PROBLEM DESCRIPTION:
Take the entries below and reproduce exactly the portion that begins at the line containing "Photo hockey match" and ends at the line containing "Sameuo U2000 WIFI", keeping both ends, dropping pictures, and adding nothing else.

RECORDS SHOWN:
########################################

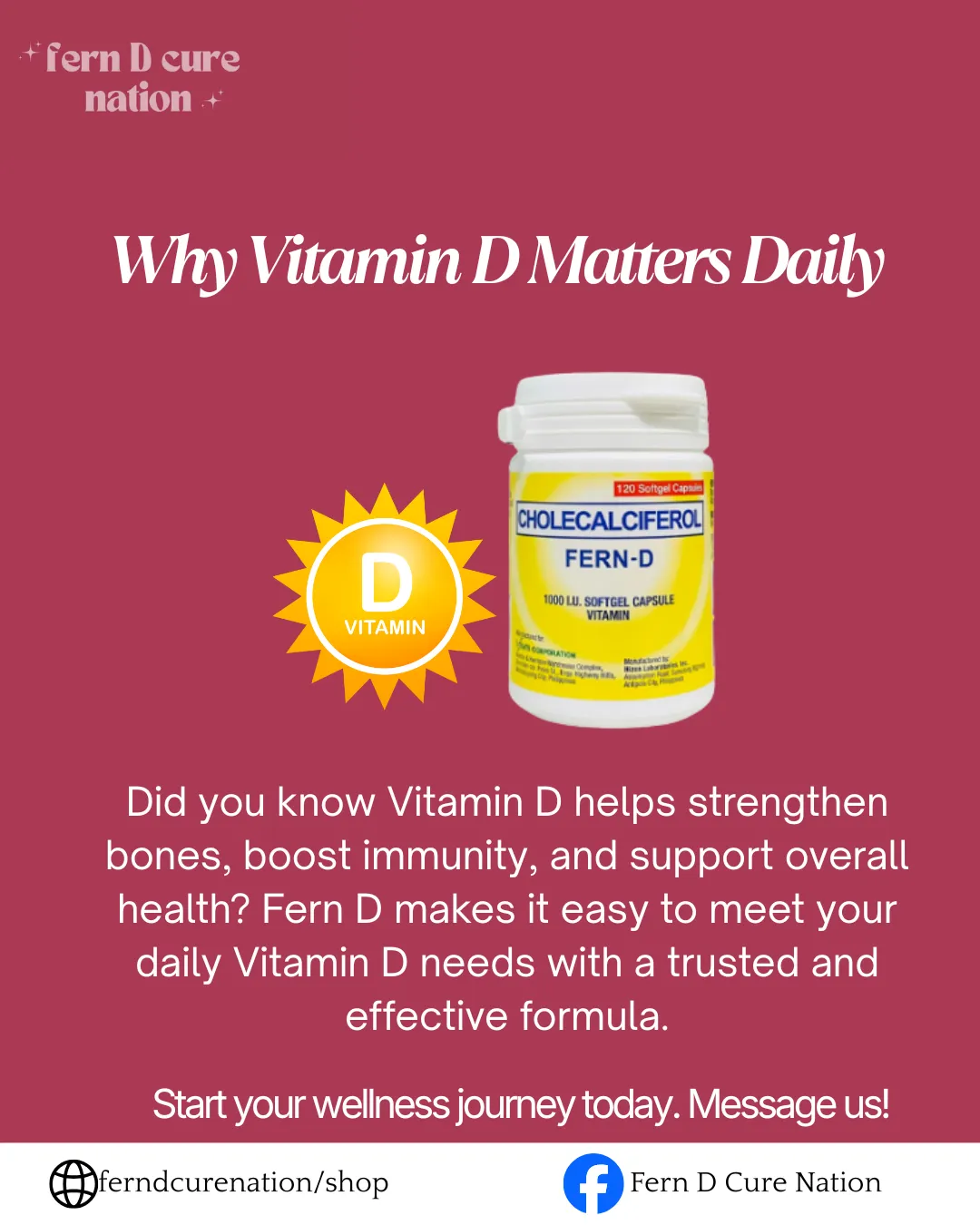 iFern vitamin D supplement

########################################

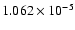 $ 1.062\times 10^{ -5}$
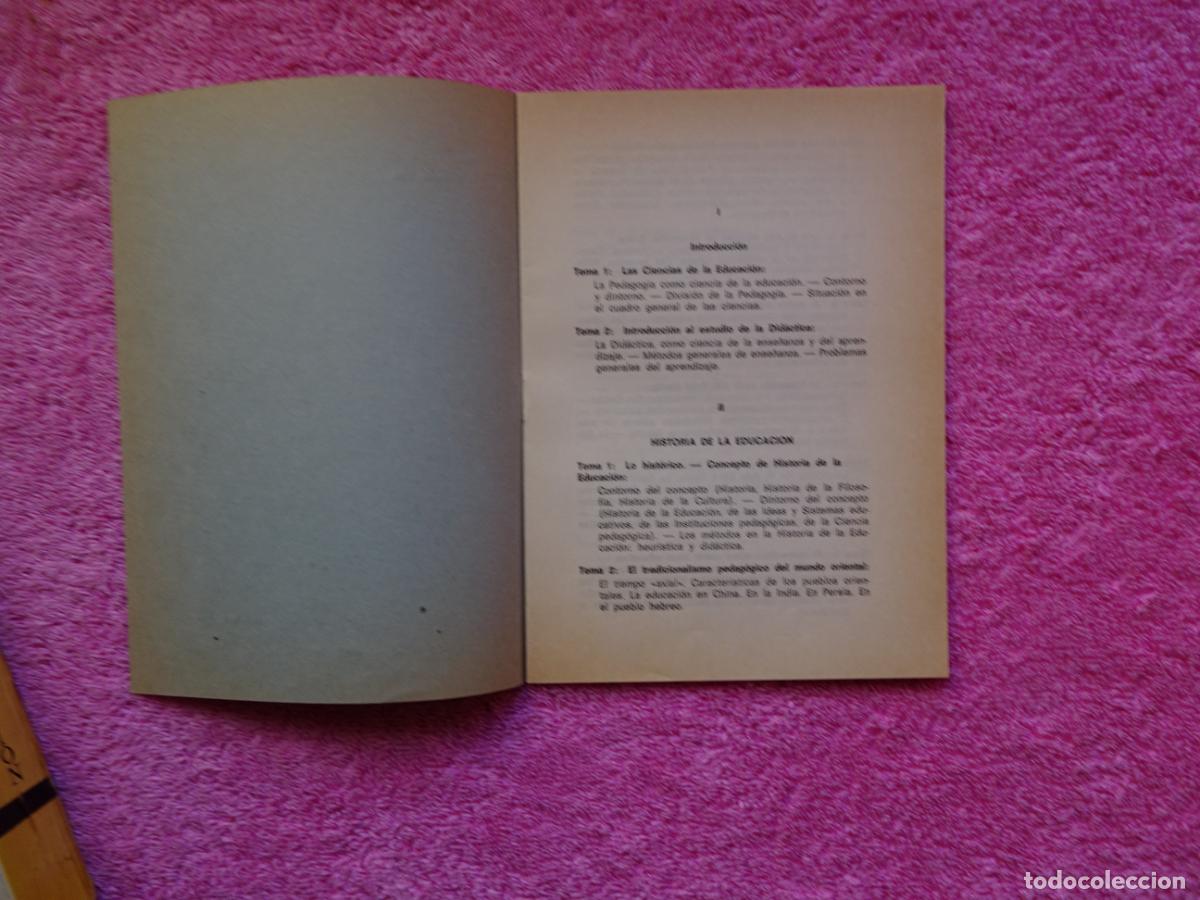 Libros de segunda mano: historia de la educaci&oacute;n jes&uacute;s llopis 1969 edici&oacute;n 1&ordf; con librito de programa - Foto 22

########################################

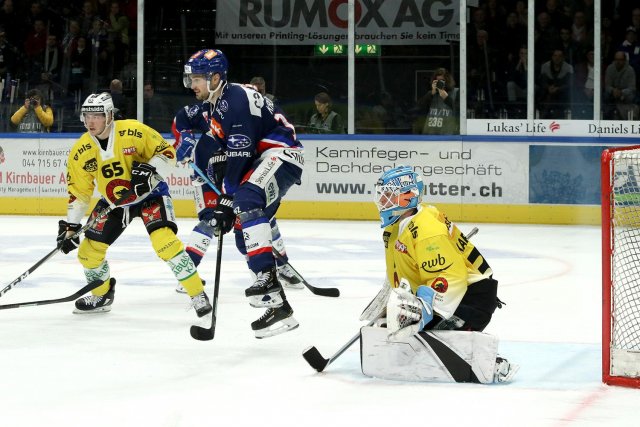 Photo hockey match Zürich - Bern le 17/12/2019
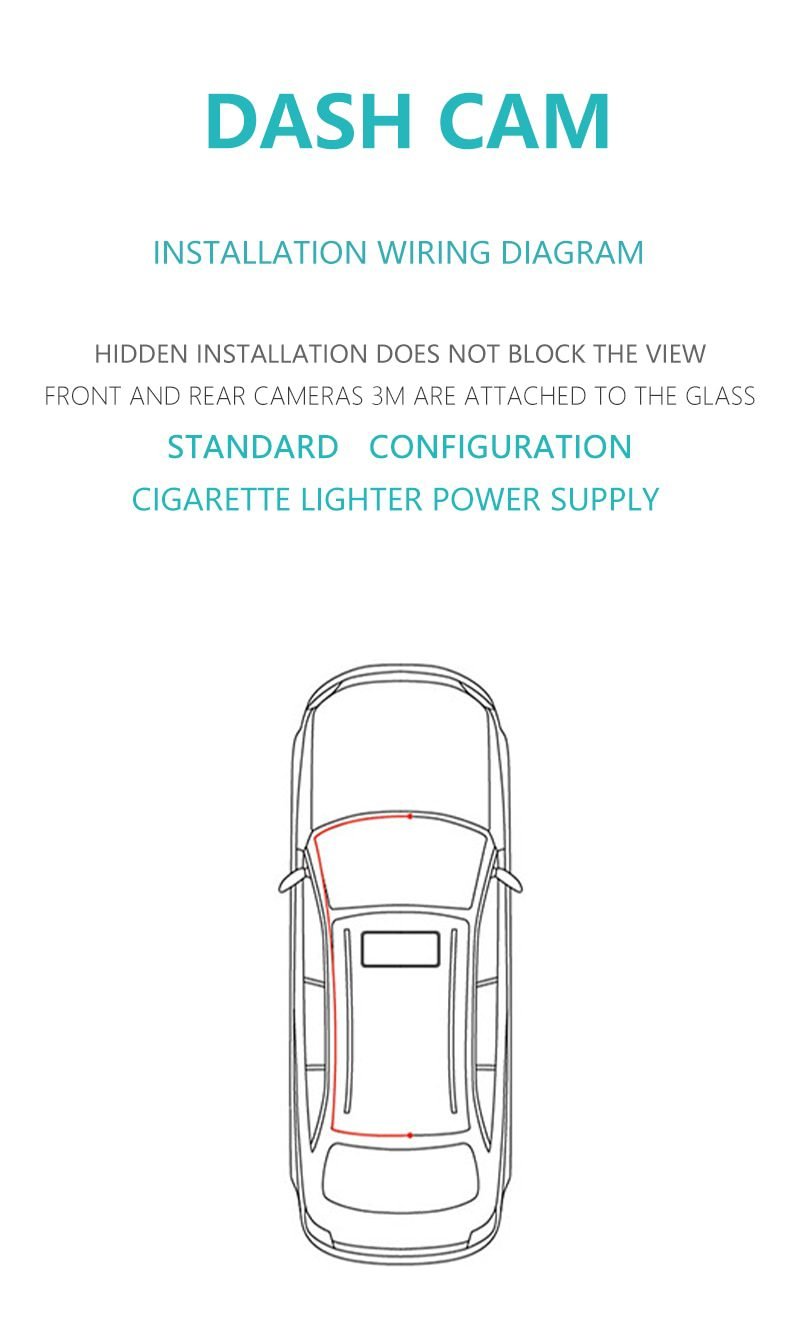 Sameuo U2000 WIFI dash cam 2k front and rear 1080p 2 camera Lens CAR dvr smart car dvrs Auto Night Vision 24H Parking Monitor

########################################

ANSWER SECTION:
 Photo hockey match Zürich - Bern le 17/12/2019
 Sameuo U2000 WIFI dash cam 2k front and rear 1080p 2 camera Lens CAR dvr smart car dvrs Auto Night Vision 24H Parking Monitor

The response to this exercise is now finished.